The Power of Basic Needs

Food and shelter are two of the most basic things an individual requires in order to live a good life. The concept of hearth and home reflects both of these things: warmth, protection, and food. These may seem to be insignificant when compared to other, more lofty goals in life, but in reality, these basic needs have to be fulfilled in order for you to explore the higher potential of your life and spirit.

Abraham Maslow’s hierarchy of needs demonstrates this requirement. Maslow proposed a chain of needs, each rooted in the previous one. The hierarchy of needs demonstrates that fundamental physical requirements such as food, shelter, and protection are valid needs that must be addressed in order to create the security and energy required to pursue the other higher needs that Maslow outlined, such as creating an aesthetically pleasing environment or pursuing understanding of the self within the community. Maslow’s theory isn’t absolute, but it does provide a useful explanation for humanity’s focus on the concept of hearth and home, and why it seems to be so ingrained in our cultures and psyches.

Maslow’s hierarchy is often expressed as a pyramid with basic, or lower-order, needs at the bottom and higher-order needs at the top:

1. Basic physical needs, such as food and shelter.

2. Safety needs, such as protection from the elements and a feeling of security from the unknown.

3. The need for love and belonging, within a small social unit and a larger community.

4. Self-esteem needs, or confirming the sense of acceptance within the community, from which issues the sense of self-worth.

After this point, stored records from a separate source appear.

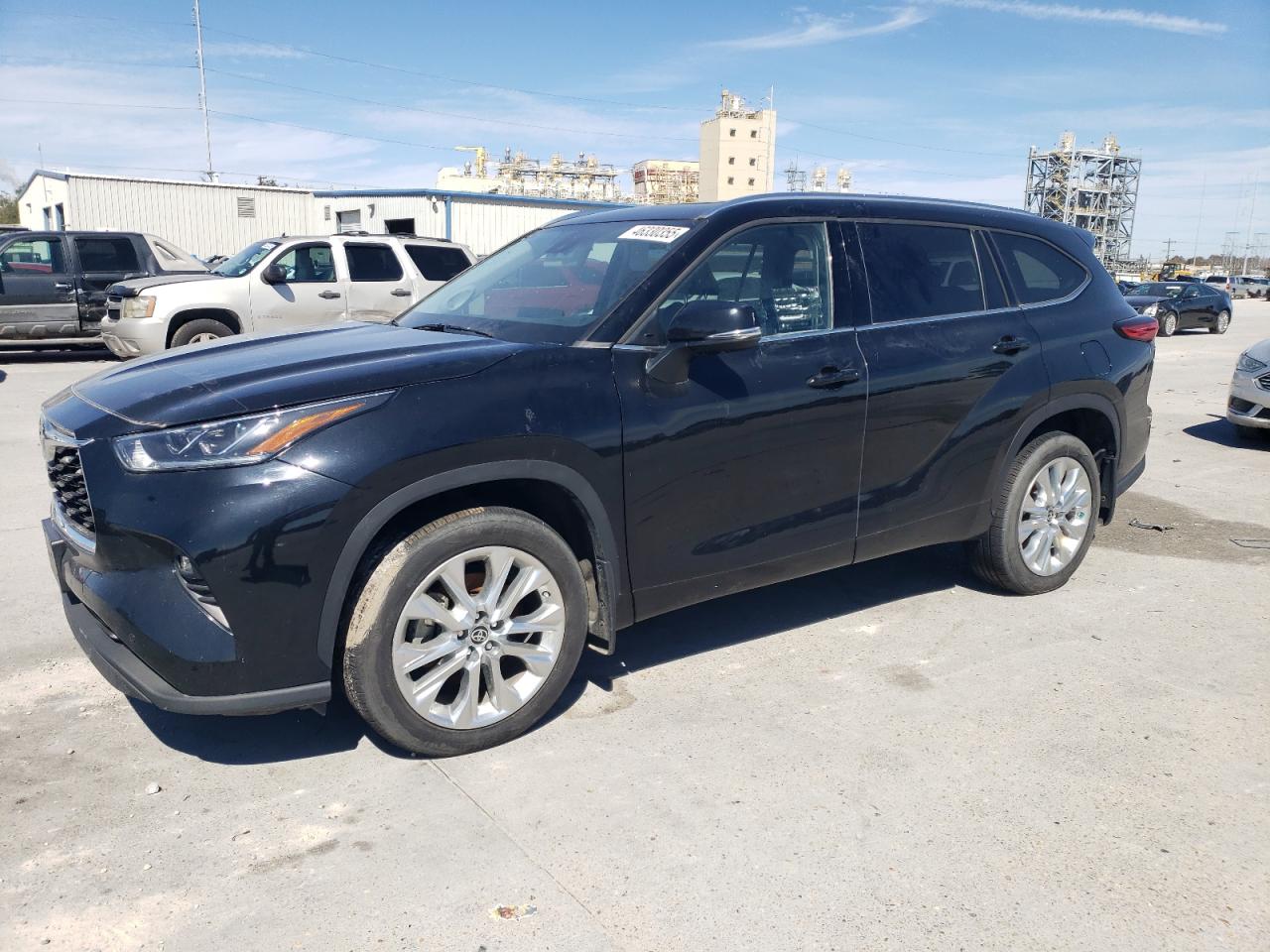 2021 Toyota Highlander - Image 1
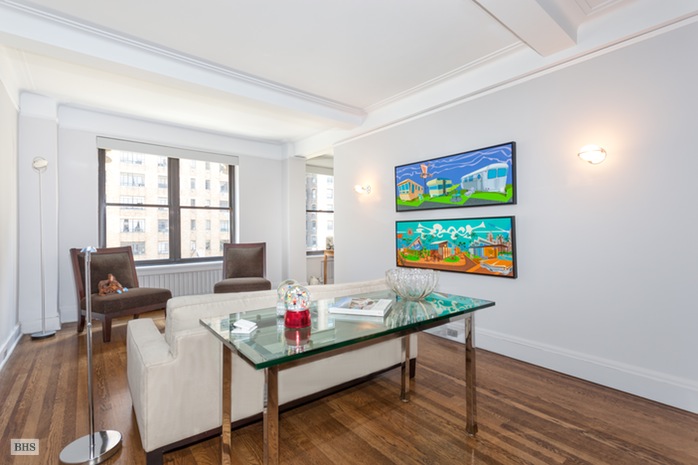Photo 1 of 7 Park Avenue, Midtown East, NYC, $725,000, Web #: 15128313
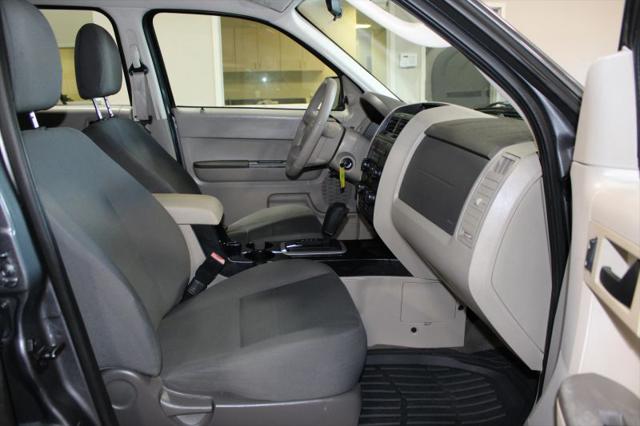 2011 Ford Escape XLS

5. The need for understanding, again from the community within which one operates.

6. Aesthetic needs, or being able to manipulate one’s environment in a desired way to reflect beauty or another value.

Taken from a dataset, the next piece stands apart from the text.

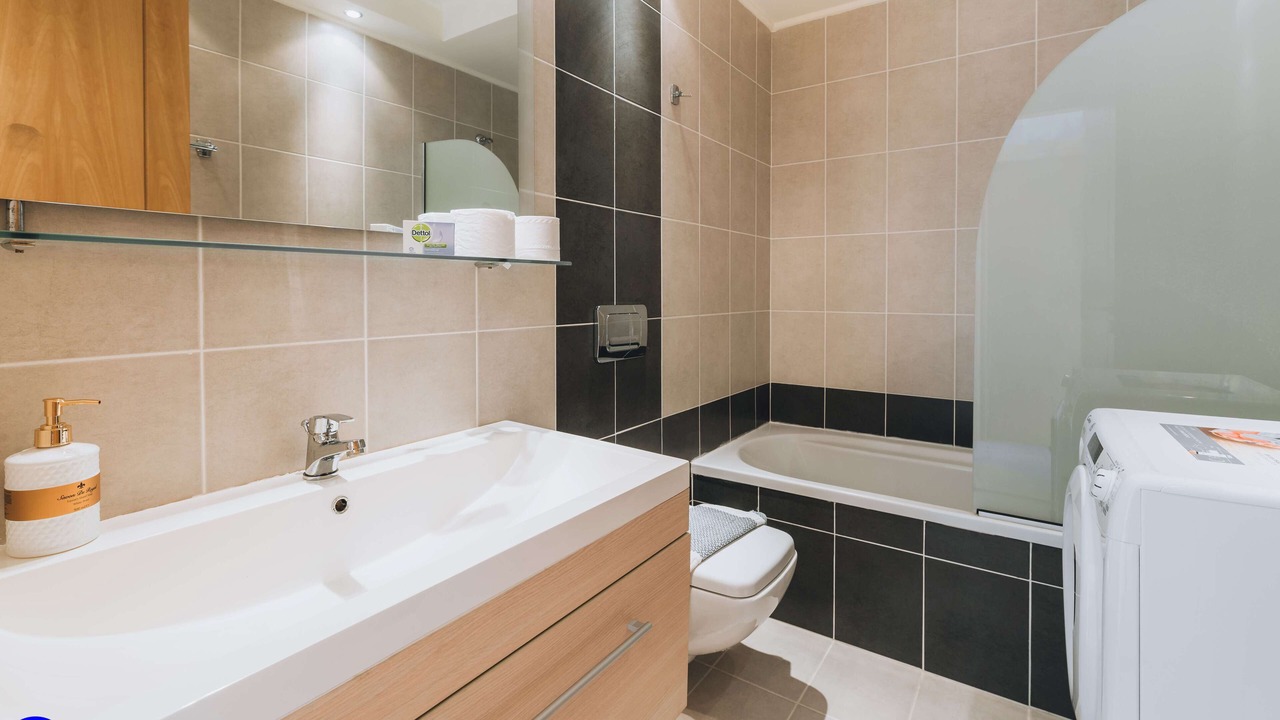 Photo of Bathroom in Rhodes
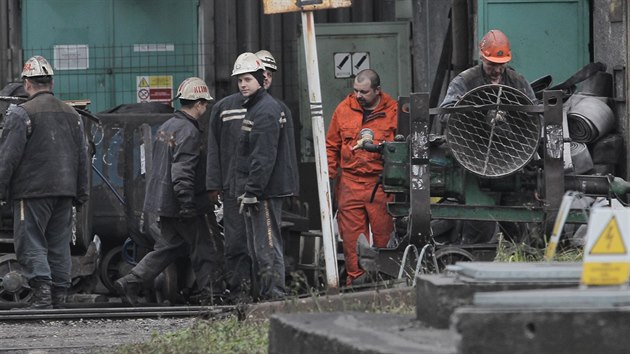 Důl ČSM Stonava sever, kde se stalo důlní neštěstí, při kterém zahynulo 13 havířů. Záchranáři odvětrávají zavalené důlní chodby. (21.12.2018)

7. The need for self-actualization, which can be interpreted as self-improvement and feeling rewarded or satisfied by your life, as well as having the impetus to strive for more.

8. Transcendence and peak experience, the culmination of the process of self-actualization and the ultimate spiritual escape from the material world: the absence of need.

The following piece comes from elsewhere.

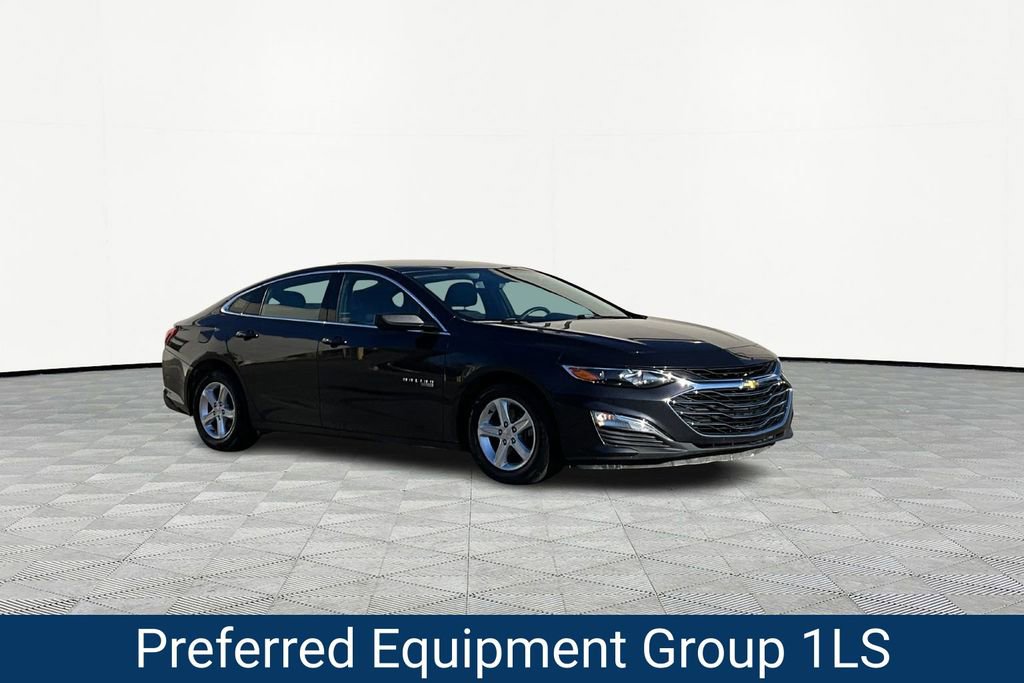 Certified 2022 Chevrolet Malibu LS image 2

Hearthcraft tends to focus on securing and maintaining the basic needs. This is far from being simplistic or primitive: every person requires at least the first two needs of food and protection in order to survive. Hearthcraft is rooted in these primary needs, making it a necessary and highly respected path. Without the assurance of these basic needs, you cannot go on to explore more exalted paths or seek more challenging paths in life. In the end, the focal issues addressed in hearthcraft are required by every person in some way, shape, or form.

Knowing this, it is still hard to believe that there are people who dismiss the idea that anyone who works to maintain a secure and happy home is missing something or limiting themselves in some way. The casual dismissal of men or women who have chosen to follow a domestic-centered path as second-class citizens, for example, is shameful when one looks at cultural mores and stories that describe the woman as queen within her home, who managed and ordered and made sure the family had a safe, warm, secure, and successful base from which to operate, thereby maximizing their chances of success in their chosen paths. With basic needs met and accounted for, you can focus your energy on the higher, more spiritual needs, such as self-actualization and transcendence.

Practicing hearthcraft is an excellent method whereby confidence and self-esteem may be secured through answering basic needs. The more control you have over the energy and function of your home environment, the more likely you and your family are to be relaxed and happy. When you are relaxed, there are fewer obstacles to divert the life-renewing energy flowing through your life. Stress, anxiety, and fear commonly snarl up and divert the energy flowing through your life. Keeping a welcoming, serene, and happy hearth maximizes your potential to create a successful life, resting upon the firm foundation built at the hearth, in the spiritual heart of the home.